Sometimes we are called to serve even when going through life’s valleys. Half a year after suddenly losing the ability to walk, I was going through one of the most difficult times of my life. Many things I’d always taken for granted (the ability to stand at the stove and cook my family supper, for example) were now impossible. And yet, it was precisely in this difficult time of disability that God brought to Eric and me one of the greatest gifts of love and service of our lives.

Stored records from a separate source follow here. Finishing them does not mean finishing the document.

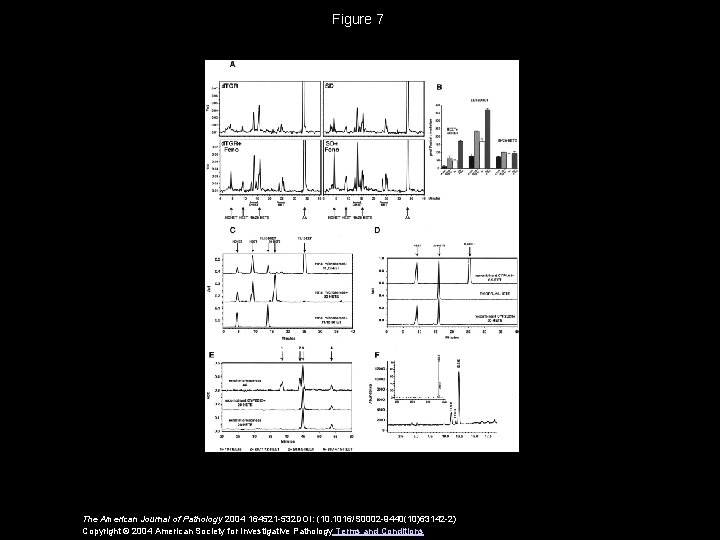 Figure 7 The American Journal of Pathology 2004 164521 -532 DOI: (10. 1016/S 0002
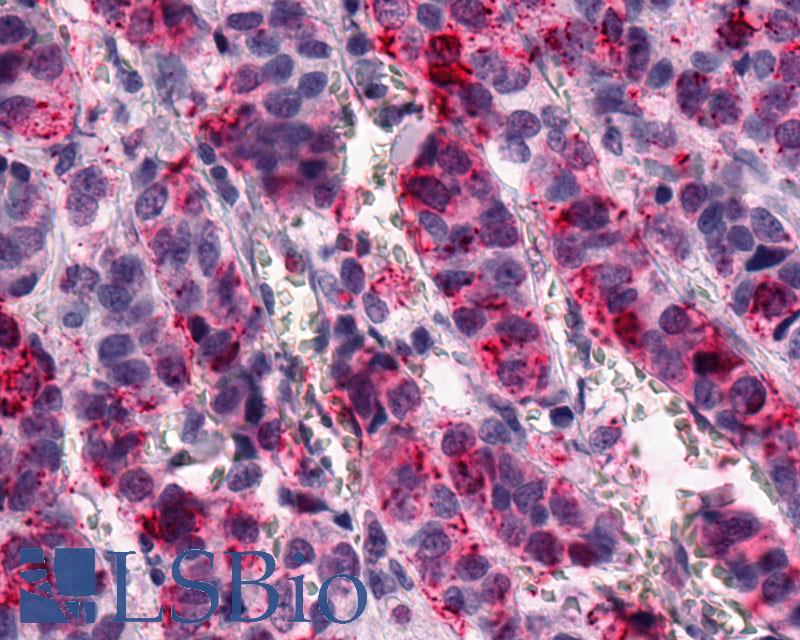 GPR1 Antibody - Anti-GPR1 antibody IHC of human Breast, Carcinoma. Immunohistochemistry of formalin-fixed, paraffin-embedded tissue after heat-induced antigen retrieval.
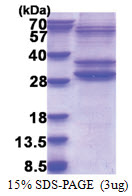 PMF1-BGLAP (1-211, His-tag) Human Protein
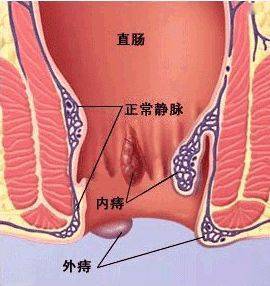 疾病科普丨十女十痔,为何痔疮青睐女性?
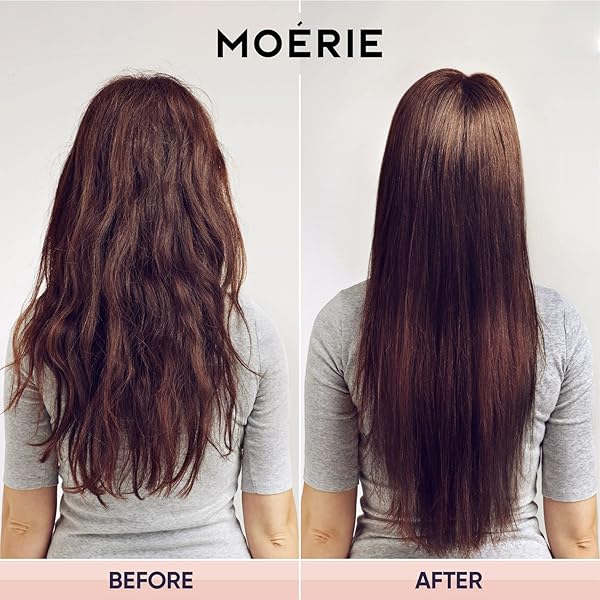 MOERIE ULTIMATE HAIR GROWTH CONDITIONER – FOR LONGER, THICKER, FULLER HAIR – VEGAN FRIENDLY VOLUMIZING HAIR PRODUCTS – PARABEN & SILICONE FREE – ALL HAIR TYPES – REVERSE HAIR LOSS – 8.45 FL OZ (250ML)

You see, the teenage daughter we had adopted many years prior, when she was 10, had an older brother who lived in a long-term foster home. Through monthly sibling visits, we had built a relationship with this young man.
On a hot summer day when I was feeling especially sad about my losses and wishing there was a way I could serve more, we were unexpectedly informed that our daughter’s brother could no longer live with his foster family. He was now 20 years old, and like our daughter, lives with intellectual disabilities. We were asked to open our home to him as live-in caregivers. We had just one day to give our decision.

Given my disabilities, it seemed we should say no. However, despite the challenges we faced, we possessed the capacity to provide a loving, safe home for this young man. That night I clearly felt the Holy Spirit guiding us to say yes. We felt a call to not just be his caregivers, but to embrace him as a son, as Christ embraces us.

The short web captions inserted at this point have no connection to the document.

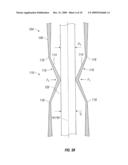 ACCESS CANNULA WITH HINGE RESTRICTOR diagram and image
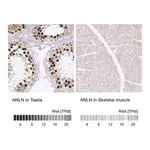 Atlas Antibodies Anti-ANLN Antibody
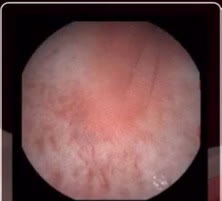 Capsule camera image: hyperemia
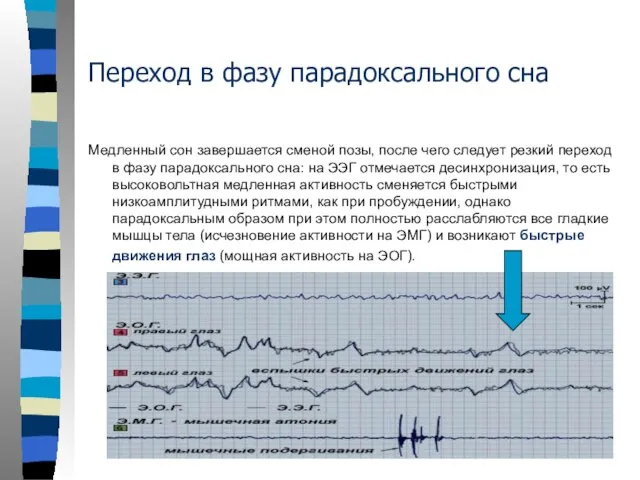 Переход в фазу парадоксального сна Медленный сон завершается сменой позы, после чего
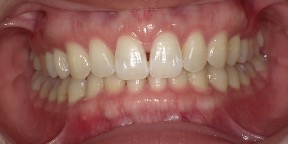 インビザライン症例アフター2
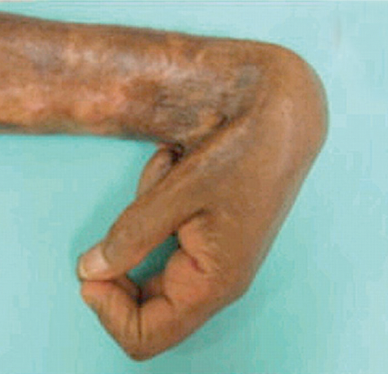 <p>exaggerated contraction of wound that can compromise joint movement; commonly seen after serious burns</p>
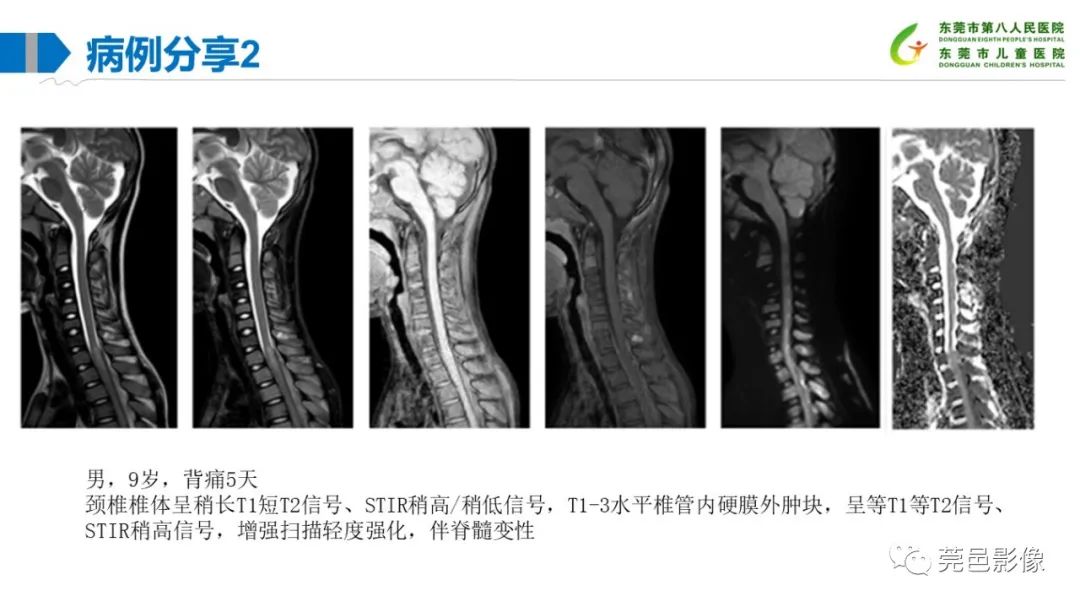 影像PPT - 【PPT】儿童骨淋巴瘤的影像表现-29
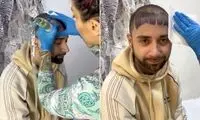 گاف عجیب یک تَتوکار روی پیشانی پسر جوان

So we said yes. While it hasn’t been an easy two years, our son is thriving and we are now in the process of legally adopting him. Living with physical disabilities has given me unique perspectives and strengths in advocating and caring for him.

I’ve discovered that while some may look at me and see only my disabilities, God doesn’t just see the outward picture. He instills in each of us unique gifts to follow his teaching to serve and love those he brings across our paths.

About the Author

Jenna C. Hoff is a freelance writer and editor in Edmonton, Alta. She is a member of Inglewood Christian Reformed Church.

See comments (1)


The author may live with visible disabilities, but mine are invisible.  They limit me nonetheless.  For example, I have schizophrenia, which has nothing to do with the Dr. Jekyll and Mr. Hyde Phenimenon by the way.  That illness and especially its treatment atypical antipsychostics, cause significant weight gain, which in turn causes people to develop Diabetes Type 2, and the medications used to treat that condition have other side effects like increased sensitivity to heat and diarrhea to name only those two.  So in summe heat waves I often have to skip church because our building is not air-conditioned, and I'm at te stage of life where I get hot flashes, so if you put the three together I get heat exhaustion very easily, and then I'm out of commission.

Also, while people seeing her may assume she's dependent on her husband for care, but many people when they think of mental illnesses assume that those who live with severe mental illnesses like schizophrenia also have intellectual disabilities, yet the two are no more automatically linked than cancer and blindness, for example.  The main reason that people with schizophrenia may APPEAR to have an intellectual deficiency is that very often they start experiencing symptoms likehallucinations, insomnia, delusional thinking and depression as teenagers.  Those symptoms interfere with their studies because they can't concentrate when they're hearing voices or haven't slept through the night for weeks on end, and so they fall behind.  Also, they may be ostracized by their classmates because of their odd behavior, and they drop out of school altogether.  Many also take their own lives at this point.  So stigma, albeit less of a problem than it used to be, is still a major hurdle for people with mental illnesses.